- Born: June 17, 1916 Ekaterinoslav, Ukraine, Russian Empire
- Died: January 1, 1983 (aged 66) Leningrad, USSR
- Education: Repin Institute of Arts
- Known for: Painting, Graphics, Art Education
- Movement: Realism Socialist realism

= Maria Rudnitskaya =

Russian artist (1916–1983)

Maria Leonidovna Rudnitskaya (Мари́я Леони́довна Рудни́цкая; June 17, 1916 – January 1, 1983) was a Russian Soviet realist painter, graphic artist, and art teacher, who lived and worked in Leningrad. She was a member of the Leningrad Union of Artists, regarded as one of representatives of the Leningrad school of painting.

== Biography ==
Maria Leonidovna Rudnitskaya was born June 17, 1916, in the city of Ekaterinoslav, Ukraine, Russian Empire, in family of railway engineers. In the years 1916 to 1927, Maria, alongside her parents, lived in Siberia for the construction of the Trans-Siberian Railway.

In 1932, after graduating, Maria Rudnitskaya came to Leningrad. In 1935, Maria Rudnitskaya entered the Tavricheskaya Art School, where she studied with A. Gromov, S. Bootler, V. Levitsky, V. Oreshnikov, and M. Aslamazian.

In 1939, Maria Rudnitskaya graduated from Tavricheskaya Art School. In the same year, she entered the Department of Painting of the Leningrad Institute of Painting, Sculpture and Architecture, where she studied with Semion Abugov, Boris Fogel, Mikhail Bernshtein, and Igor Grabar.

In 1949, after a long break due to World War II, Maria Rudnitskaya graduated from the Leningrad Institute of Painting, Sculpture and Architecture after Ilya Repin in the studio of Victor Oreshnikov, together with Nikolai Babasuk, Rostislav Vovkushevsky, Ivan Godlevsky, Valery Pimenov, Victor Teterin, and other young artists. Her graduation work was a genre painting named "Motherhood".

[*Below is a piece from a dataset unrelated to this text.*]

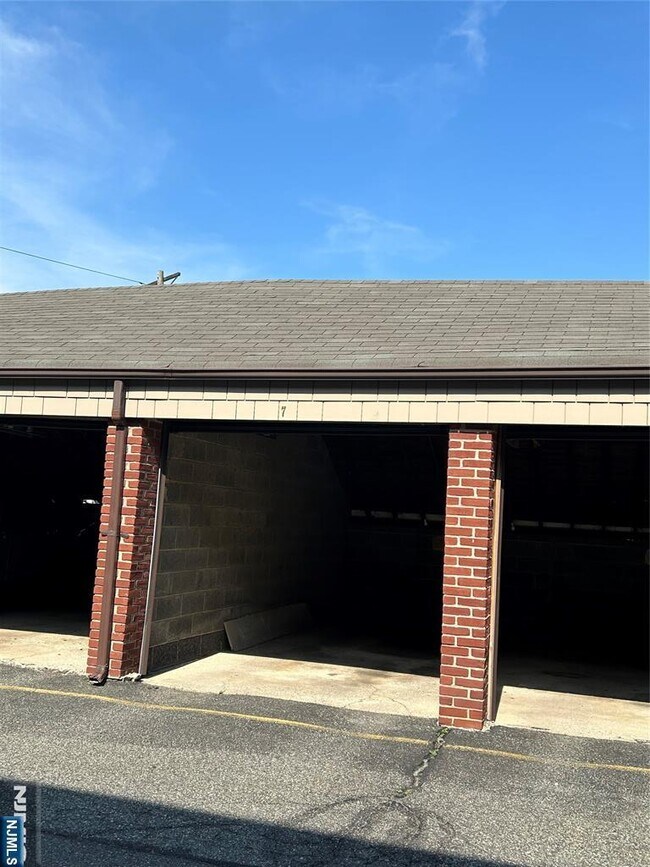 Building Photo - 2175 Central Rd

Since 1949, Maria Rudnitskaya participated in Art Exhibitions. She painted portraits, landscapes, still lives, genre paintings, and sketches done from nature. Maria Rudnitskaya tended to plein-air painting. She has successfully worked in the genre of children's portraits. Her portraits consist of inherent characteristics of precision, delicacy of tonal colouring, which matches her plein-air style. Upon his return to Leningrad, she taught first in the Secondary Art School, and later at the Department of General Painting of the Higher School of Industrial Art named after Vera Mukhina. Maria Rudnitskaya was a member of the Leningrad Union of Artists since 1949.

Maria Leonidovna Rudnitskaya died on January 1, 1983, in Leningrad at the sixty-seventh year of life. Her paintings reside in museums and private collections in England, France, Italy, in the U.S., Russia, and others.

== Bibliography ==
- Directory of Members of the Union of Artists of USSR. Volume 2.- Moscow: Soviet artist, 1979. - p. 287.
- Sergei V. Ivanov. Unknown Socialist Realism. The Leningrad School. - Saint Petersburg: NP-Print Edition, 2007. – pp. 135, 368, 388, 392-396, 407, 413, 415-417, 424. ISBN 5-901724-21-6, ISBN 978-5-901724-21-7.
- Anniversary Directory graduates of Saint Petersburg State Academic Institute of Painting, Sculpture, and Architecture named after Ilya Repin, Russian Academy of Arts. 1915 - 2005. - Saint Petersburg: Pervotsvet Publishing House, 2007. p. 61.